Dataset below:

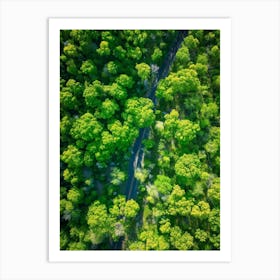 Aerial View Of A Forest 2 Art Print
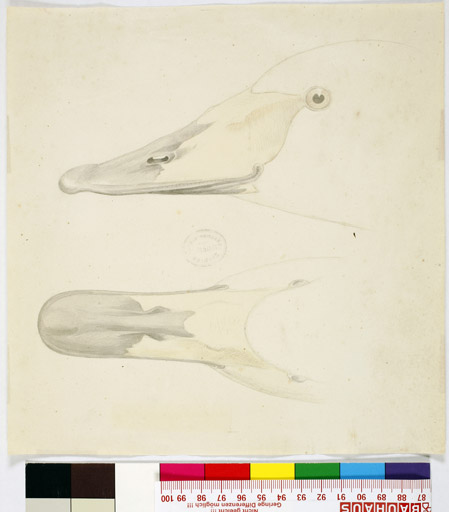 naumann_2743.jpg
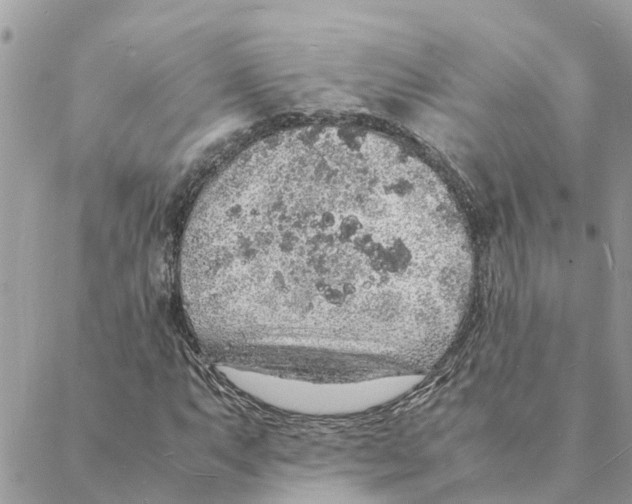 X0000088071063200706011508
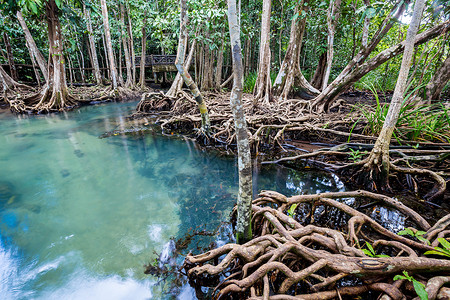 林根泰国沼泽林和流动水中的热带树根或Tha pom红树林海滩养护沼泽叶子丛林溪流塔蓬红树公园环境背景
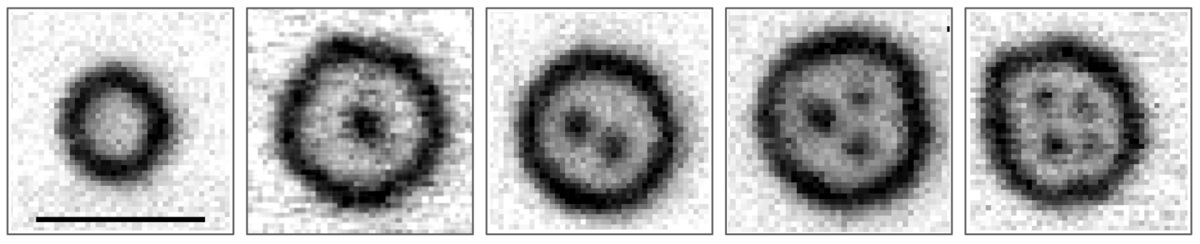 X-ray microscopy images of the magnetization textures showing the different orders of skyrmions bags, ranging from the empty skyrmionium to a bag filled with four skyrmions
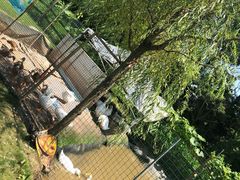 -前小桔亲子创意农场·草莓采摘·露营烧烤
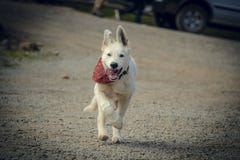 Il cucciolo del documentalista funziona al proprietario fotografie stock Il cucciolo del documentalista funziona al proprietario fotografie stock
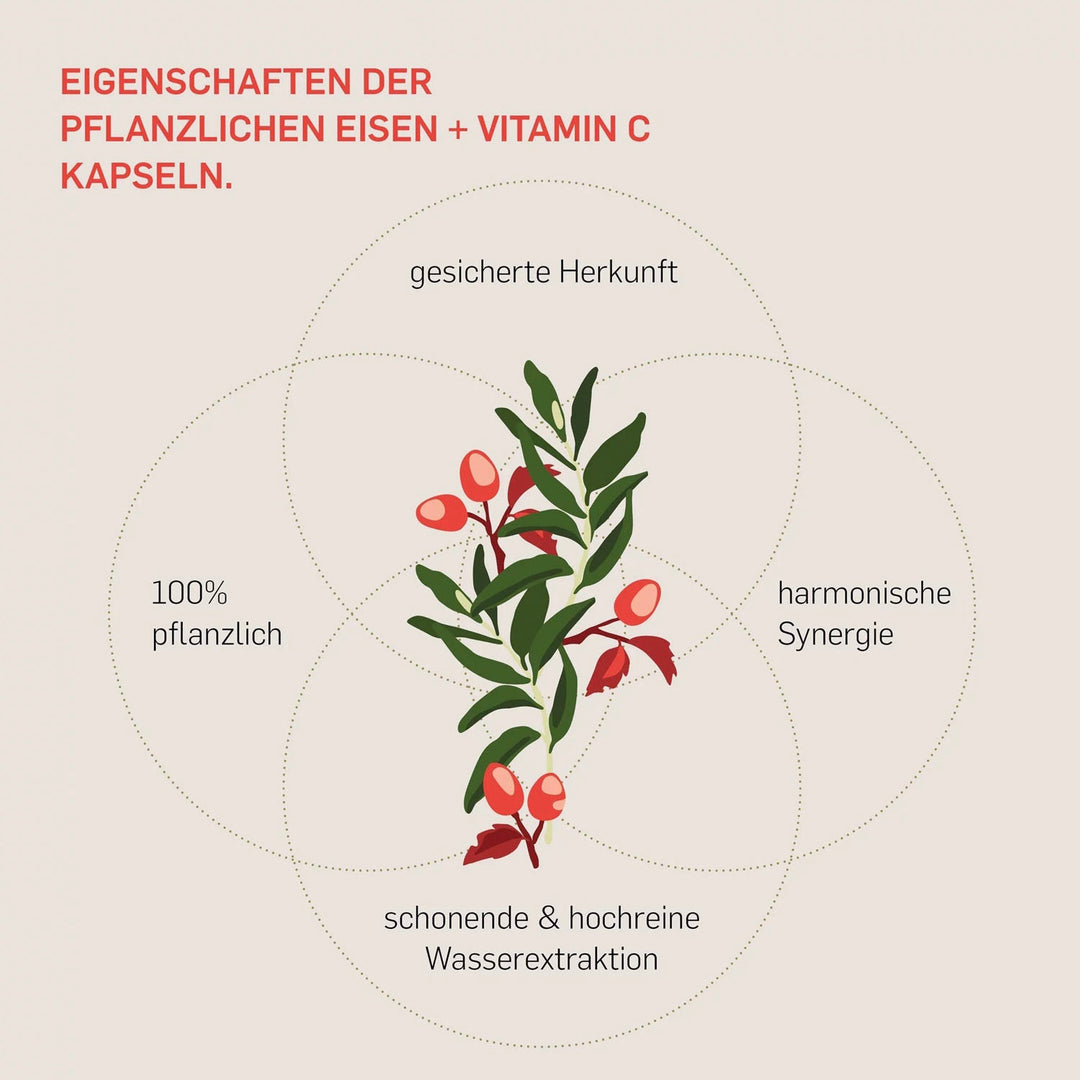 Eisen und Vitamin C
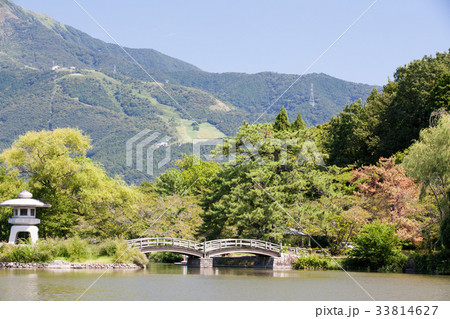 伊吹山&三島池18 伊吹山&三島池18 33814627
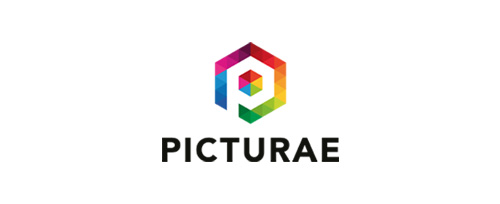 Users 85 Picturae logo OpenNebula Users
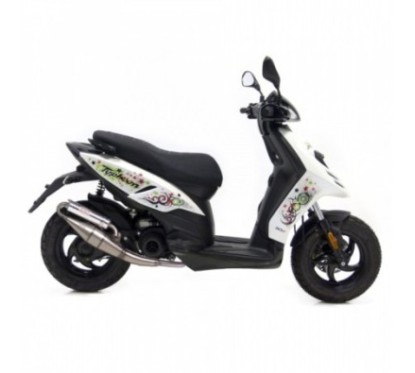 POT D'ECHAPPEMENT COMPLET LEOVINCE FAIT MAIN TT PIAGGIO TYPHOON 50 02-08 ALUMINIUM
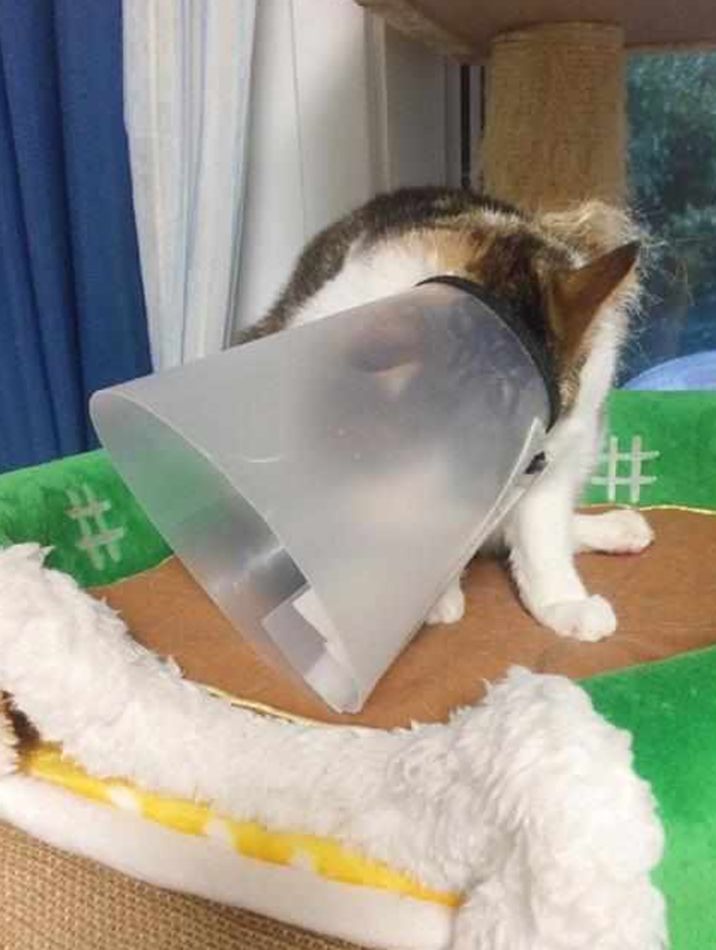 猫咪努力挣脱束缚,被发现后竟做出这举动,主人看了扶额苦笑休闲区蓝鸢梦想 - Www.slyday.coM 猫咪努力挣脱束缚,被发现后竟做出这举动,主人看了扶额苦笑休闲区蓝鸢梦想 - Www.slyday.coM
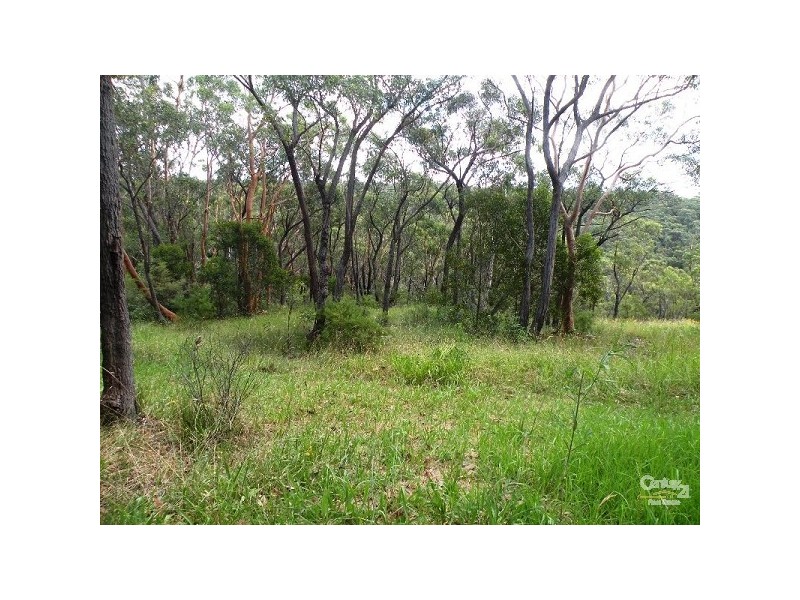 5B Riches Avenue, Woodford NSW 2778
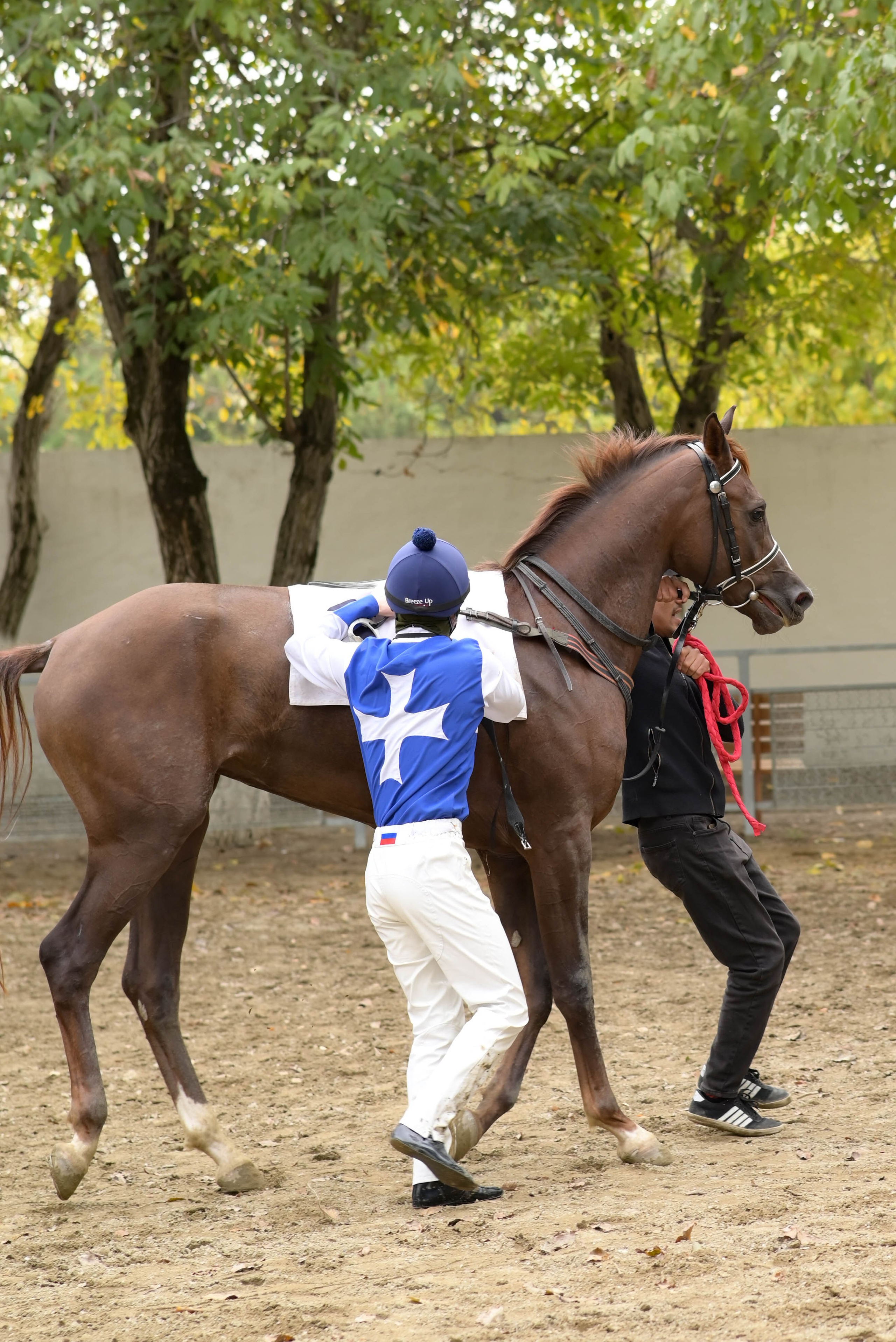 Закрытие скакового сезона 2024 г. Краснодар. Фотограф Краснодар Наталья Сувит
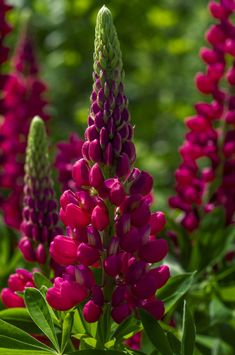 purple flowers are blooming in the garden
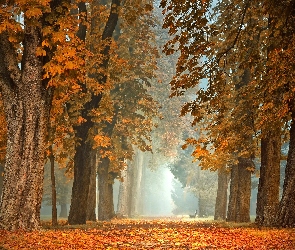 Drzewa, Mgła, Poranek, Kasztanowce, Park
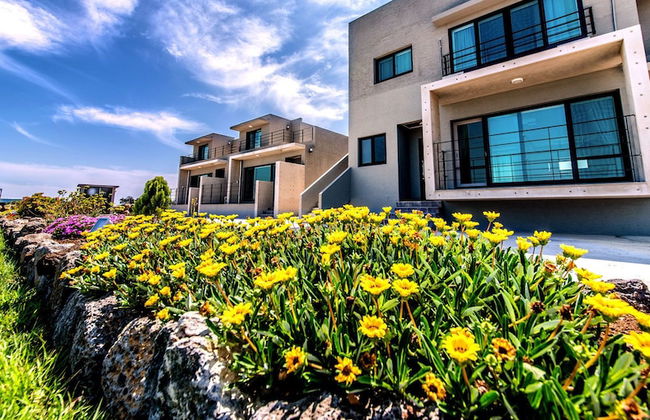 Boreum Pension - Foto 75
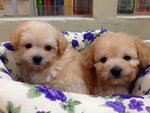 Quality Taiwan Tiny Toy Poodle  - Poodle Dog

End of Dataset.

Please leave out the pictures as you reproduce the lines exactly, from the first line of the entries through the line containing "-前小桔亲子创意农场·草莓采摘·露营烧烤".

Task output »
 Aerial View Of A Forest 2 Art Print
 naumann_2743.jpg
 X0000088071063200706011508
 林根泰国沼泽林和流动水中的热带树根或Tha pom红树林海滩养护沼泽叶子丛林溪流塔蓬红树公园环境背景
 X-ray microscopy images of the magnetization textures showing the different orders of skyrmions bags, ranging from the empty skyrmionium to a bag filled with four skyrmions
 -前小桔亲子创意农场·草莓采摘·露营烧烤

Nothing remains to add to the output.